Retype, exactly as written, every line from the one containing "verfügbar Super Basic Rounded Gradient icon" through the last line of the records below, both included; skip the pictures.

....

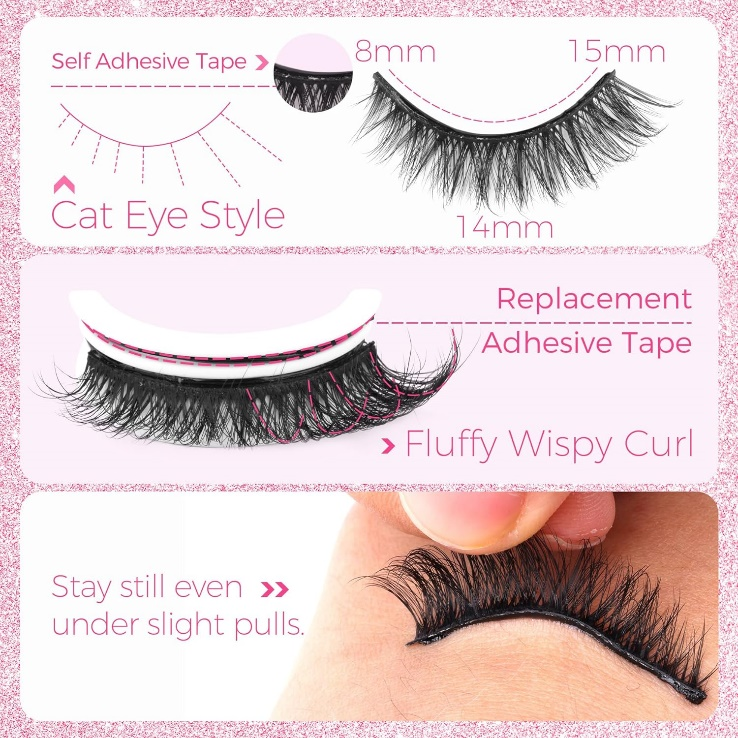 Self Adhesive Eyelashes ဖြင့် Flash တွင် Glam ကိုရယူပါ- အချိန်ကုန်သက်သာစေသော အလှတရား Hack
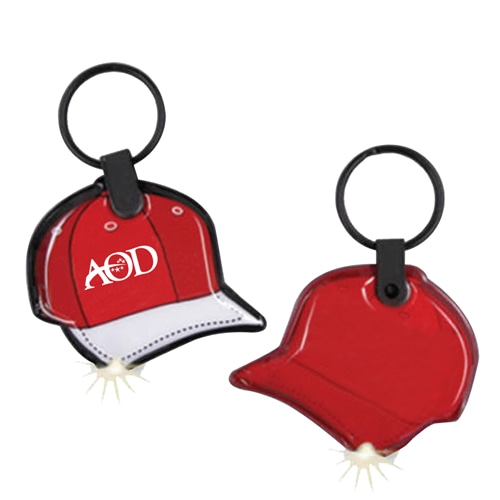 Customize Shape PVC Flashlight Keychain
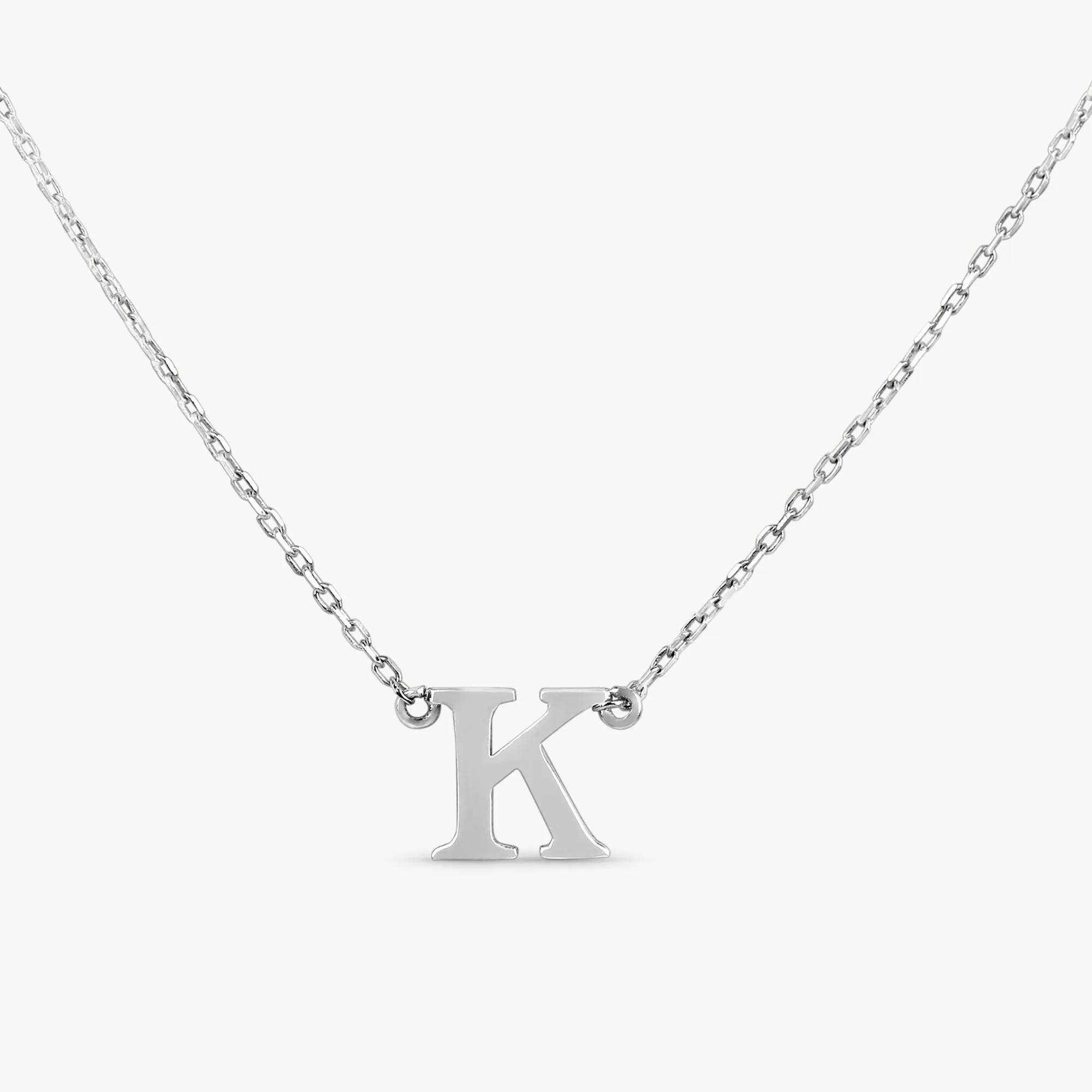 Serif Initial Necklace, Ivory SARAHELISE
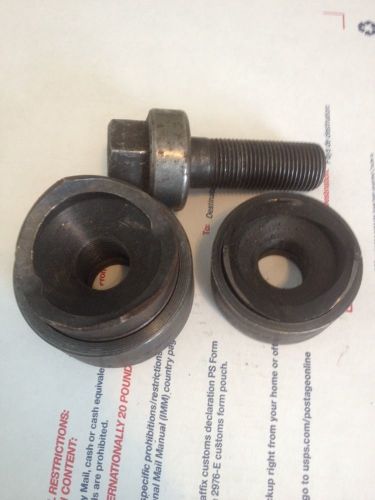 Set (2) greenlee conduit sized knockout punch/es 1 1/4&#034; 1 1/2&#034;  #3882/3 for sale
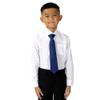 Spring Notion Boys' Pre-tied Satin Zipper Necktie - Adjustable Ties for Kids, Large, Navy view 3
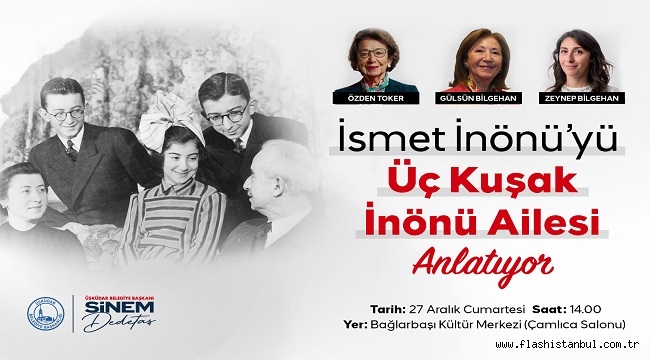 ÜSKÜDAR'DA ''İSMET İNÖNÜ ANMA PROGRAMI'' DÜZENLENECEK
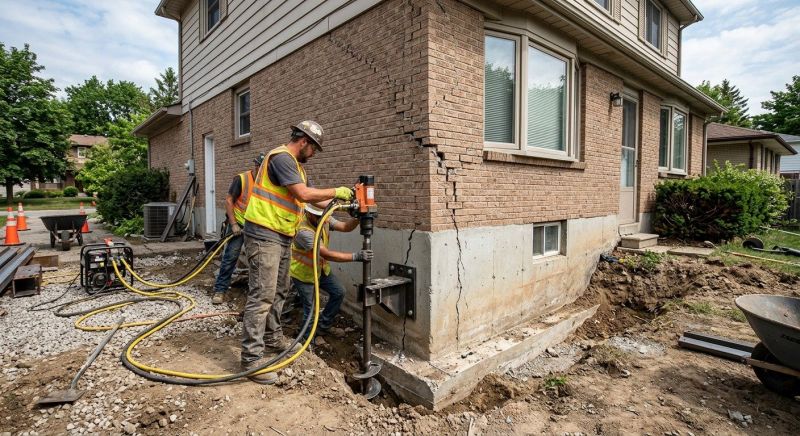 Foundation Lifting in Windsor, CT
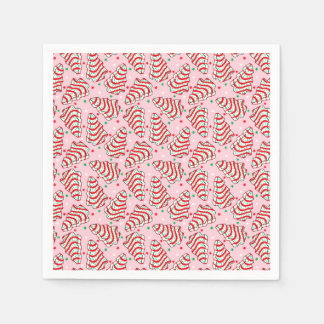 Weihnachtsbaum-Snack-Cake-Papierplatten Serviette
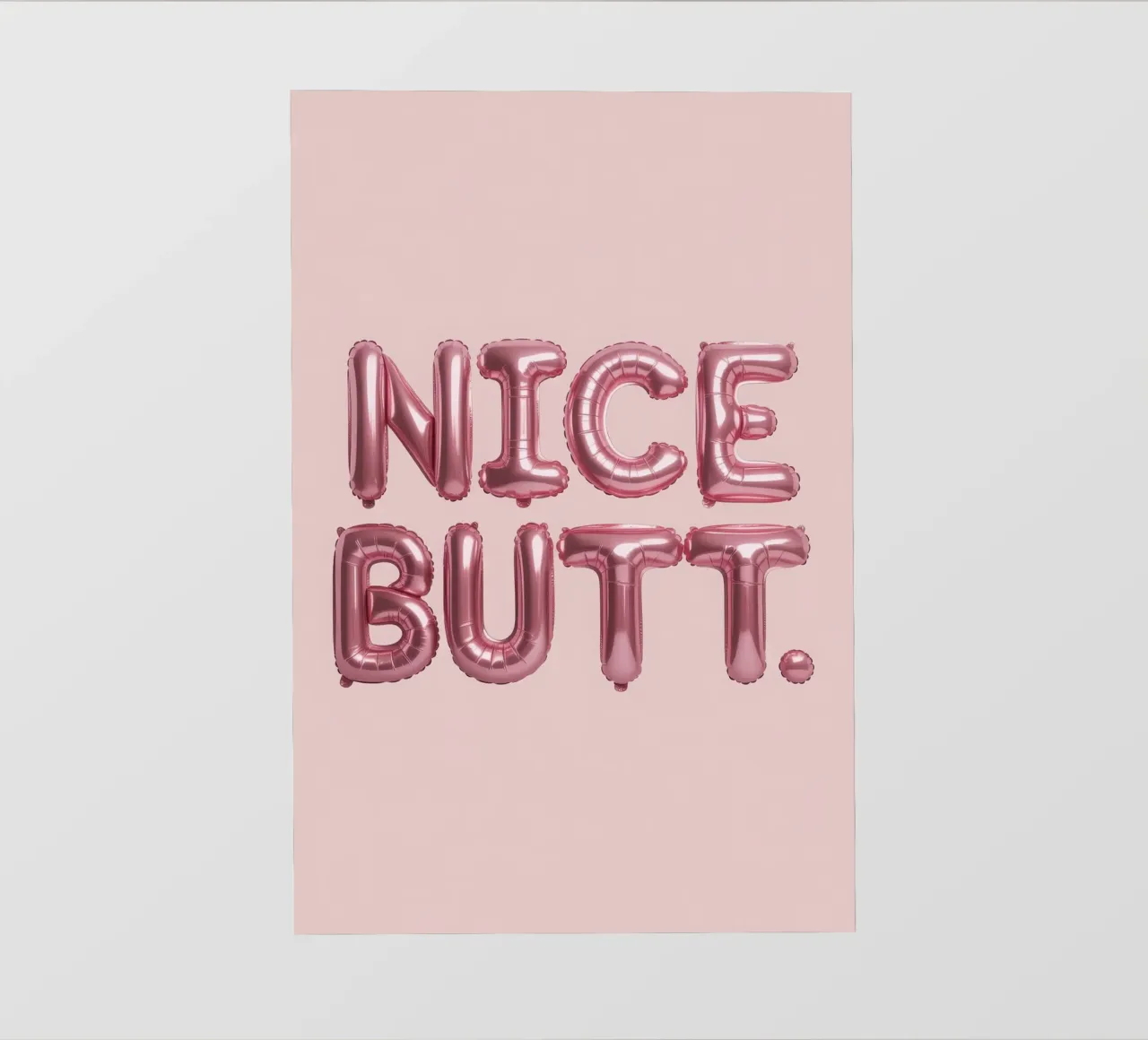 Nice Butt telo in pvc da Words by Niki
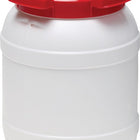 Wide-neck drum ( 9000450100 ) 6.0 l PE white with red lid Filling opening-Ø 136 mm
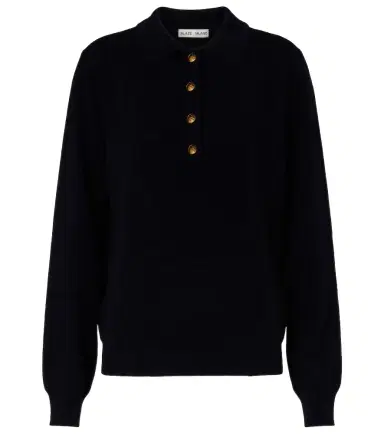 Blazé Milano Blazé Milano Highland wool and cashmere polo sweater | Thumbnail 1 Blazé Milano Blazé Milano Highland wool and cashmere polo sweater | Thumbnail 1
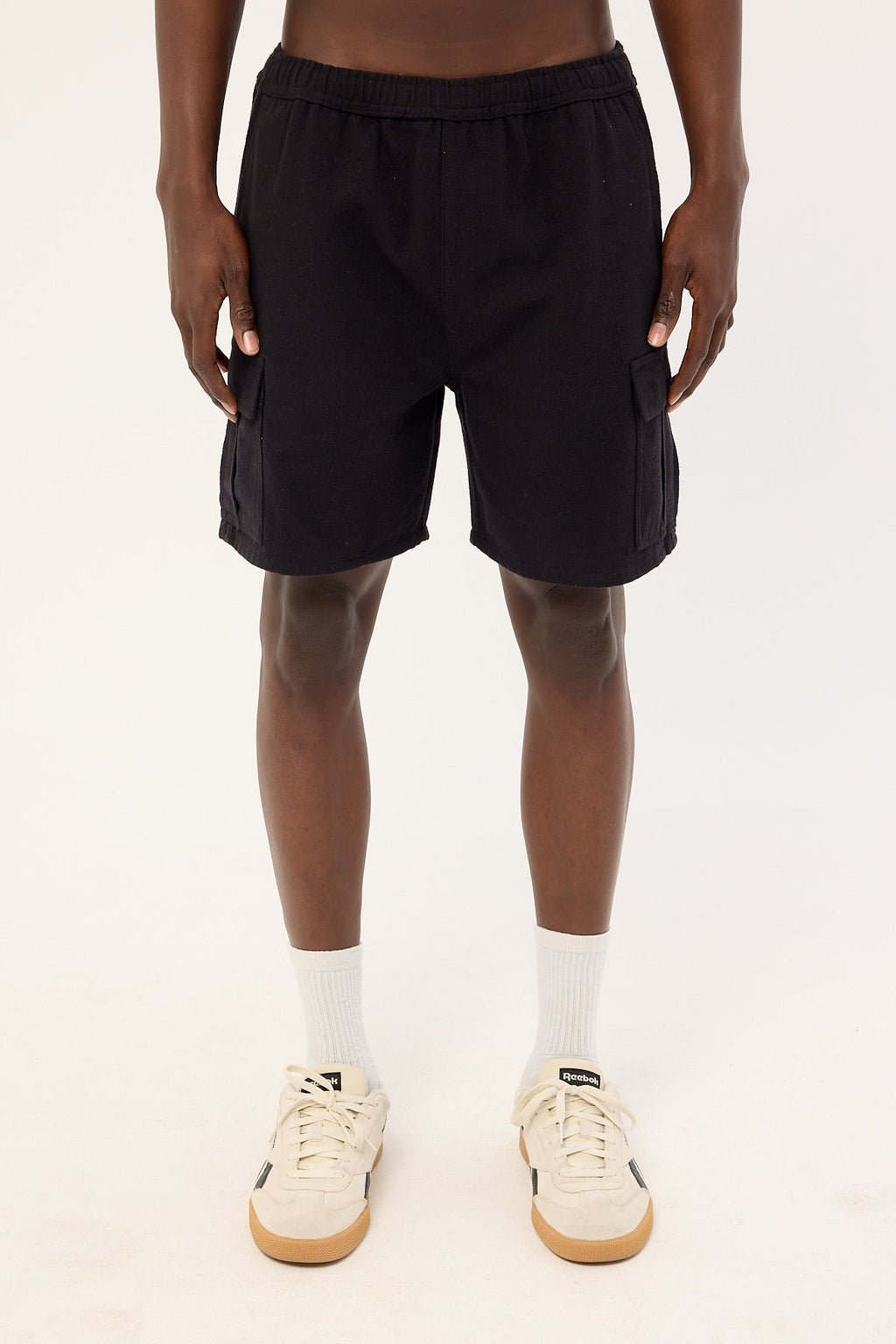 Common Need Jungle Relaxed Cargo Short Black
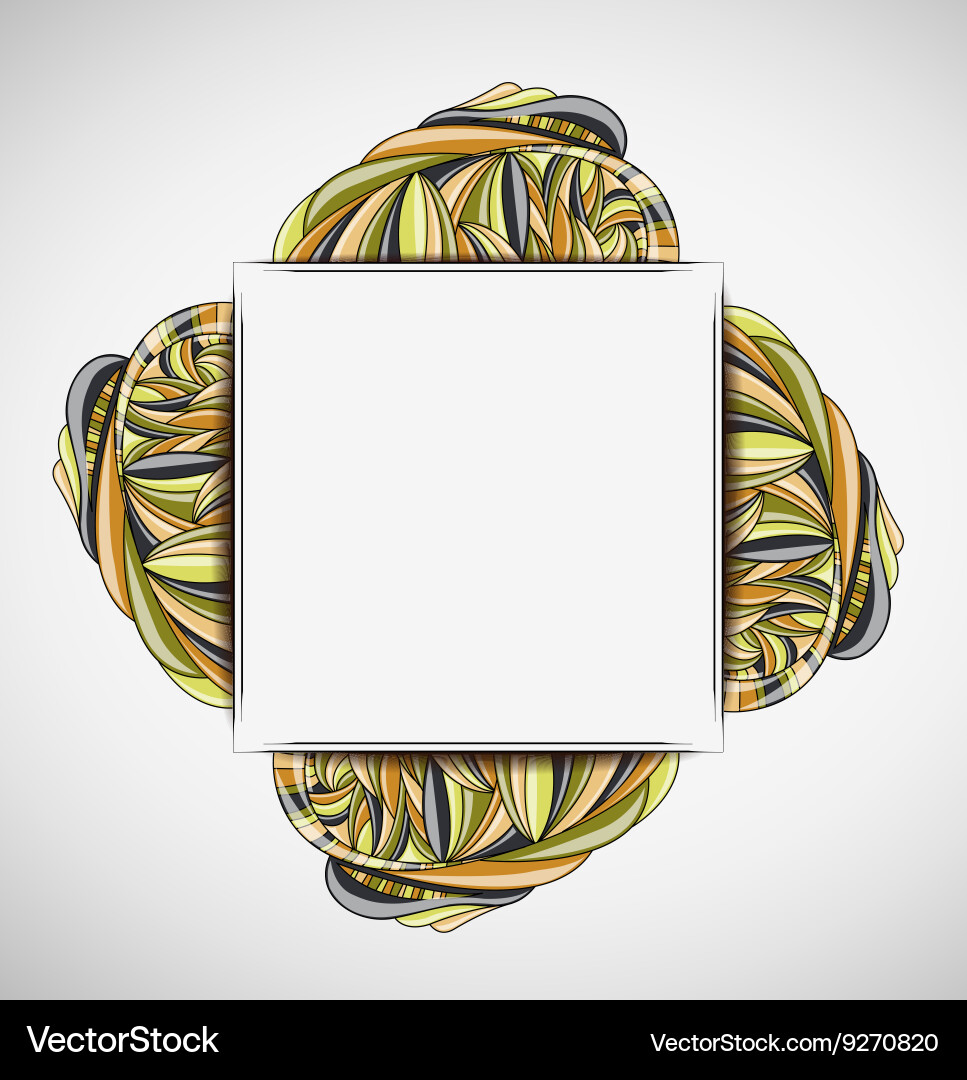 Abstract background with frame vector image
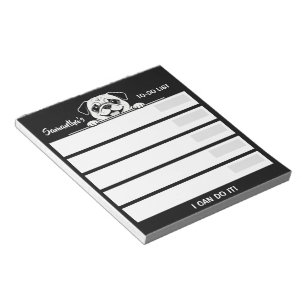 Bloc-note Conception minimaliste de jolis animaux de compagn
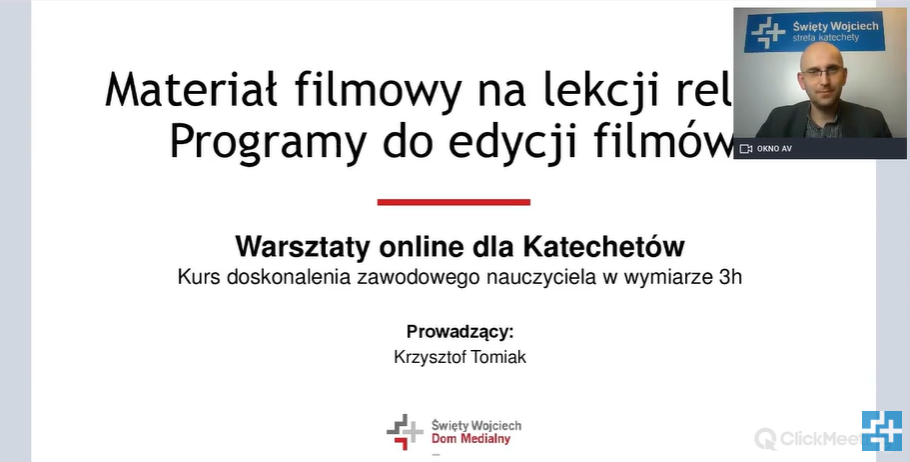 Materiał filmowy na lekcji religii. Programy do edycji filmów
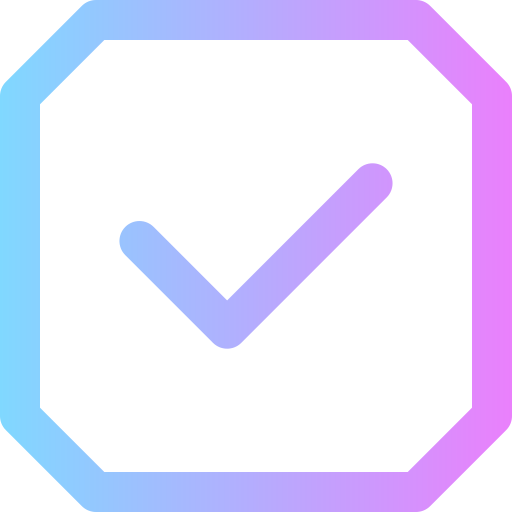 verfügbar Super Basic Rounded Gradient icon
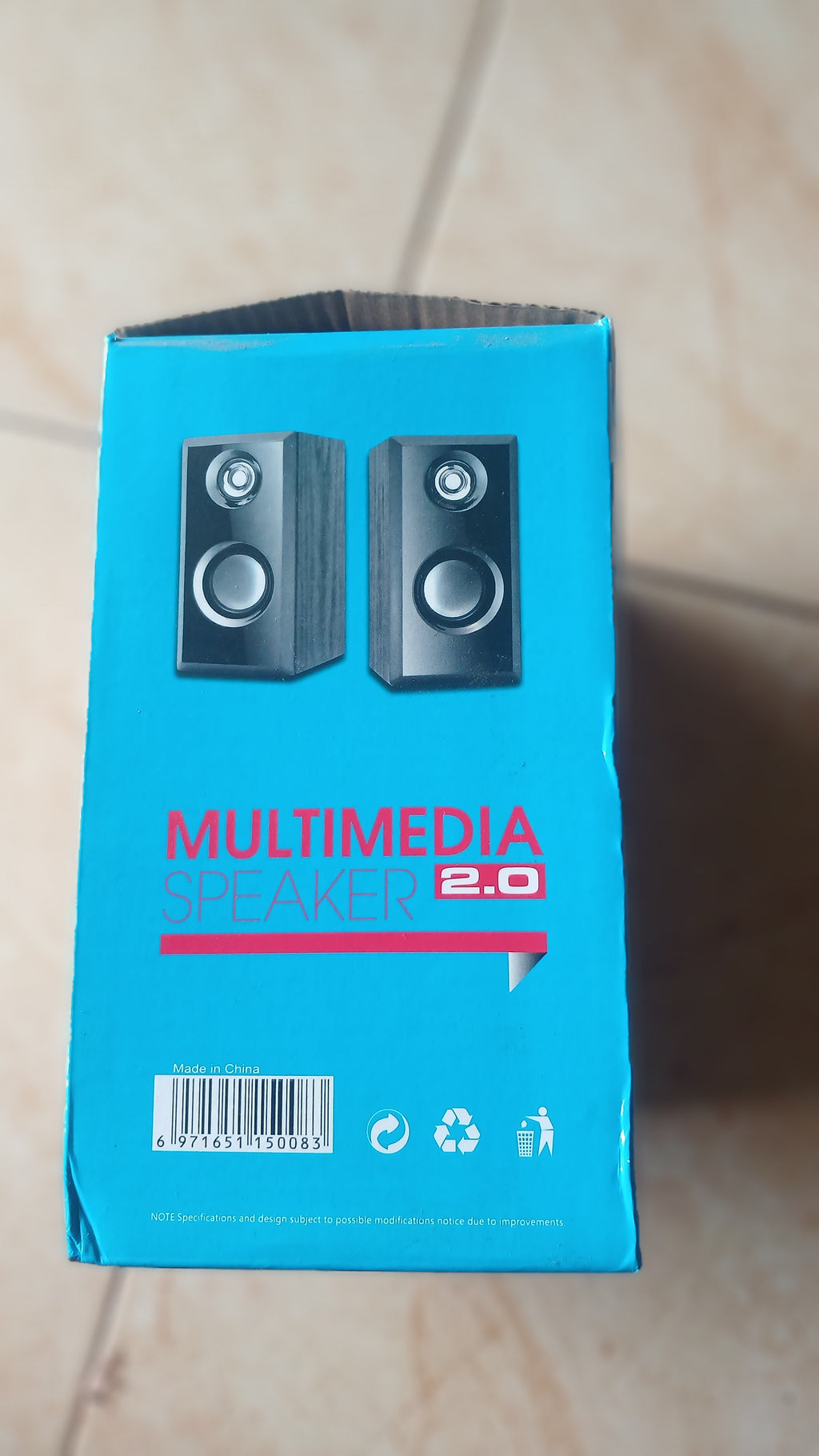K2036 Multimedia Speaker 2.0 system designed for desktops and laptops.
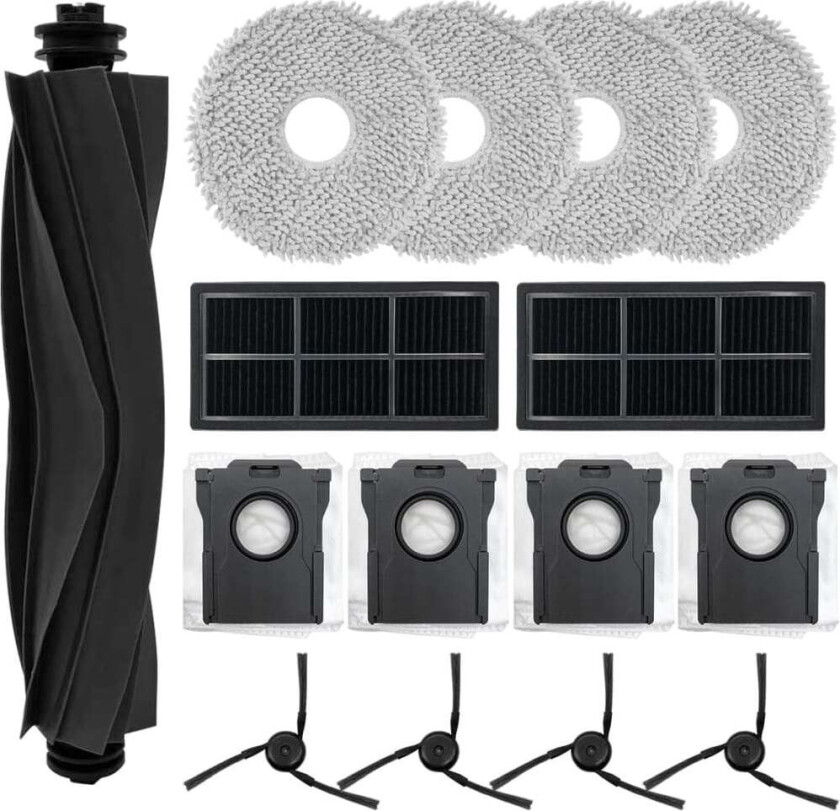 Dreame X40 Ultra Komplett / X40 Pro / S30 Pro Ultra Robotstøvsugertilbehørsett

....

_Finished task_.
 verfügbar Super Basic Rounded Gradient icon
K2036 Multimedia Speaker 2.0 system designed for desktops and laptops.
 Dreame X40 Ultra Komplett / X40 Pro / S30 Pro Ultra Robotstøvsugertilbehørsett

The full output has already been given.